La giurisprudenza, ormai consolidata, afferma che è sufficiente che le parti, al momento della stipula, siano state assistite ciascuna da un rappresentante dell’organizzazione professionale cui aderiscono, e che tali rappresentanti siano persone diverse. E’ irrilevante che i due rappresentanti appartengano alla medesima organizzazione o, addirittura, che quest’ultima non abbia uffici distinti specificamente preposti alla tutela di interessi differenziati
L’applicabilità dell’art. 41 trova un’ulteriore eccezione in presenza di contratti di affitto stipulati dalla Pubblica Amministrazione. Ed invero, in tale fattispecie, da tempo la Suprema Corte ha affermato il principio secondo il quale “in materia di contratti stipulati dalla P.A. (nella specie affitto agrario) è necessaria la forma scritta a pena di nullità e, pertanto, anche dopo l’entrata in vigore dell’art. 41 della Legge n. 203/1982, che ha deformalizzato i contratti di affitta coltivatore diretto, compresi quelli ultranovennali, rendendoli a forma libera, non può ritenersi concluso un contratto di affitto con la P.A., pur sé protrattosi per anni” (Cass. 8 maggio 2014, n. 9975; Cass. 1 aprile 2010 n. 8000, Cass. 26 giugno 2008, n. 17550).
Quella che potremmo definire un’eccezione all’eccezione è riscontrabile solo nell’ipotesi in cui il contratto di affitto, stipulato in forma scritta dalla P.A., preveda espressamente la rinnovazione tacita dello stesso in caso di mancata disdetta.
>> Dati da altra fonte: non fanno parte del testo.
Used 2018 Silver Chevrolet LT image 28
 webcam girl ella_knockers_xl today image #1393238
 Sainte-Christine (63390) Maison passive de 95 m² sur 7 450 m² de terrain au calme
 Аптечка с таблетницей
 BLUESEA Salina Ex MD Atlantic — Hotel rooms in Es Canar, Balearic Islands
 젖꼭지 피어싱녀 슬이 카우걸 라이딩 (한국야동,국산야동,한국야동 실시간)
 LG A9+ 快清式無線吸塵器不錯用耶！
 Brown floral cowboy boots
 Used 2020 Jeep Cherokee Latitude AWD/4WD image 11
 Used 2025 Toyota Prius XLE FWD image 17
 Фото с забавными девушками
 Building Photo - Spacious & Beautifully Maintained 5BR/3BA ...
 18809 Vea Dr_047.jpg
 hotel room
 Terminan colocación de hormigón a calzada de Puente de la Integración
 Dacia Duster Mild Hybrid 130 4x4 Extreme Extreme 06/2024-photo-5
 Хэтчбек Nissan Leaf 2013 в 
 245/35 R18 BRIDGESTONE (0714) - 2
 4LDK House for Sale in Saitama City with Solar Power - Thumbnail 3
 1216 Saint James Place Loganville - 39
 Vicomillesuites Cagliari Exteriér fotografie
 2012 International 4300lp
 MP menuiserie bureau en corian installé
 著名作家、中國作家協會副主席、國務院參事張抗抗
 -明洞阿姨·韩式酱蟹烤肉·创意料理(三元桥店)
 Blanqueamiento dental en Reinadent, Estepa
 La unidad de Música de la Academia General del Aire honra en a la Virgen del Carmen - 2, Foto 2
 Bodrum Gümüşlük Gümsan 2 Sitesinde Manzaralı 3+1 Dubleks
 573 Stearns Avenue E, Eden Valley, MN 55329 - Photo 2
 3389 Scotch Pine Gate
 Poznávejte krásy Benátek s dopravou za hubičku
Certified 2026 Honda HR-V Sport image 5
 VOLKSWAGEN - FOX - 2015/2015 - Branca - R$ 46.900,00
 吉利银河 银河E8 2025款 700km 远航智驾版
Sul punto la Suprema Corte ha infatti stabilito, dopo avere comunque escluso in termini generali una rinnovazione tacita per facta concludentia, la possibilità di configurare la stessa allorché l’onere dell’invio della disdetta sia espressamente previsto in apposita clausola dell’originario contratto concluso in forma scritta (Cass. 21 agosto 2014, n. 18107).